▶ **Exercise requirements**
Write out the lines below exactly, beginning at the one with "Modern Dining Table" and stopping after the one with "90s Vibe Mixtape"; the pictures are not copied.
[Entries supplied — start]
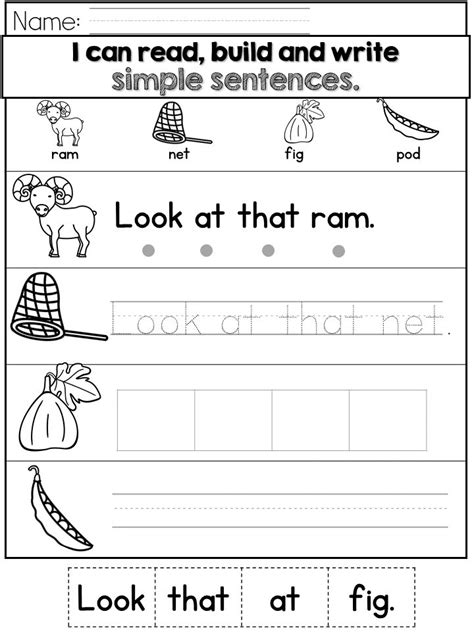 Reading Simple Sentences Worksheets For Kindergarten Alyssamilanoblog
[Entries supplied — finish]
[Entries supplied — start]
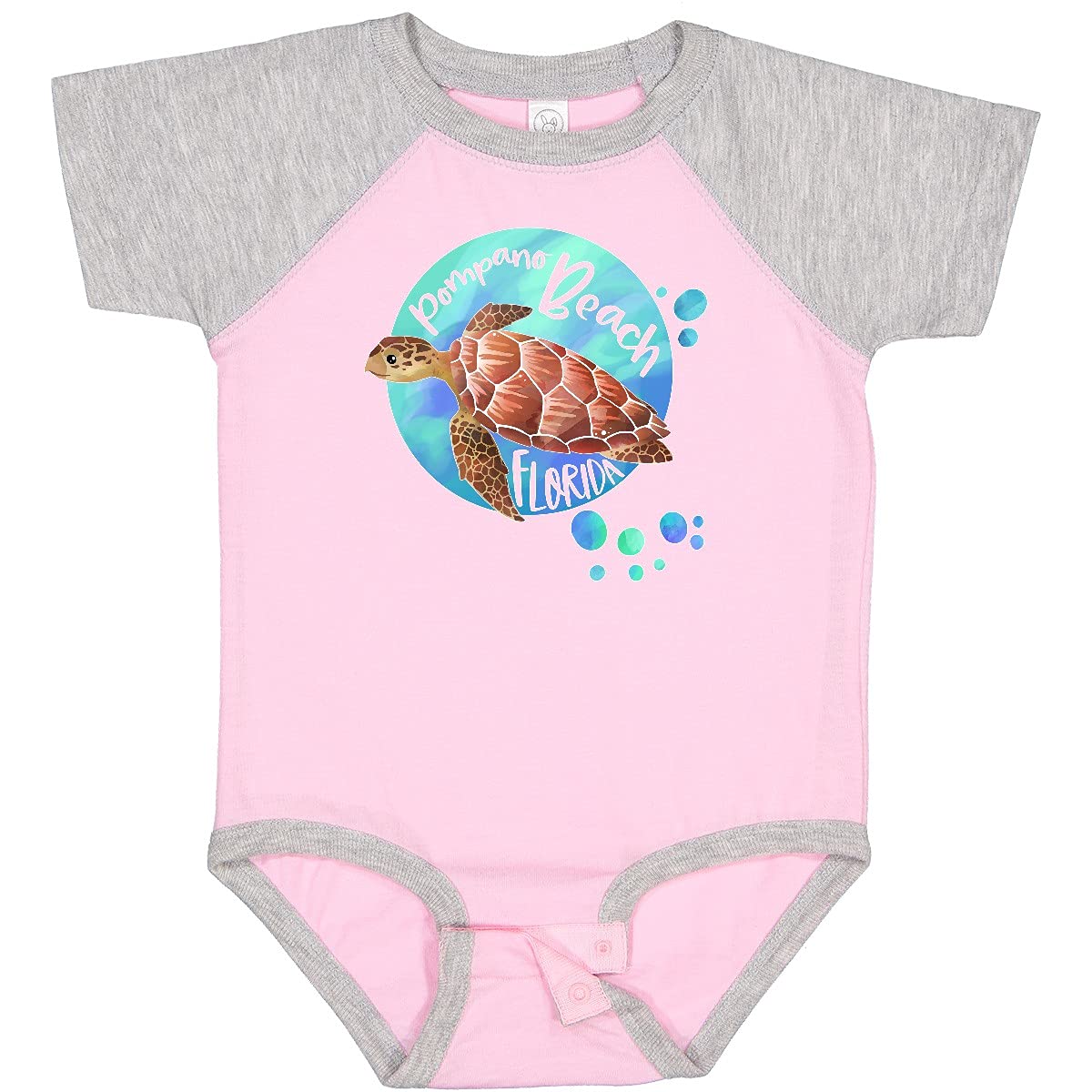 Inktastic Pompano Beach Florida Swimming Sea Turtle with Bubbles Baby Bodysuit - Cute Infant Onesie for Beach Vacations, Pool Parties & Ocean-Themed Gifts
[Entries supplied — finish]
[Entries supplied — start]
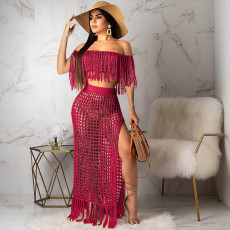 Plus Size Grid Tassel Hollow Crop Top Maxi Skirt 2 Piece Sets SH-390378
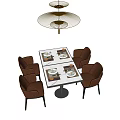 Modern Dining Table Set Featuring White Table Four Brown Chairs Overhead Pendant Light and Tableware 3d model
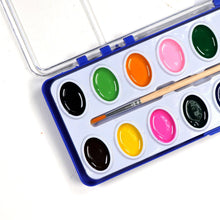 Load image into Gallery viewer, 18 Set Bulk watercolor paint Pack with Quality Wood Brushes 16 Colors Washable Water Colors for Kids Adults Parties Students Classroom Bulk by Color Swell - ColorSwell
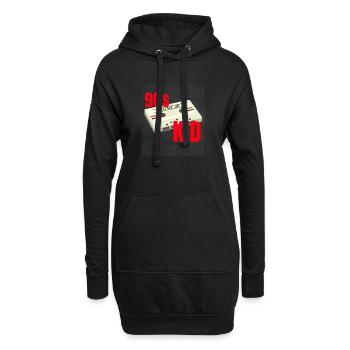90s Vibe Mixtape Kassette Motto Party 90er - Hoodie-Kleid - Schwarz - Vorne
[Entries supplied — finish]
▶ **Your solution**
 Modern Dining Table Set Featuring White Table Four Brown Chairs Overhead Pendant Light and Tableware 3d model
 Load image into Gallery viewer, 18 Set Bulk watercolor paint Pack with Quality Wood Brushes 16 Colors Washable Water Colors for Kids Adults Parties Students Classroom Bulk by Color Swell - ColorSwell
90s Vibe Mixtape Kassette Motto Party 90er - Hoodie-Kleid - Schwarz - Vorne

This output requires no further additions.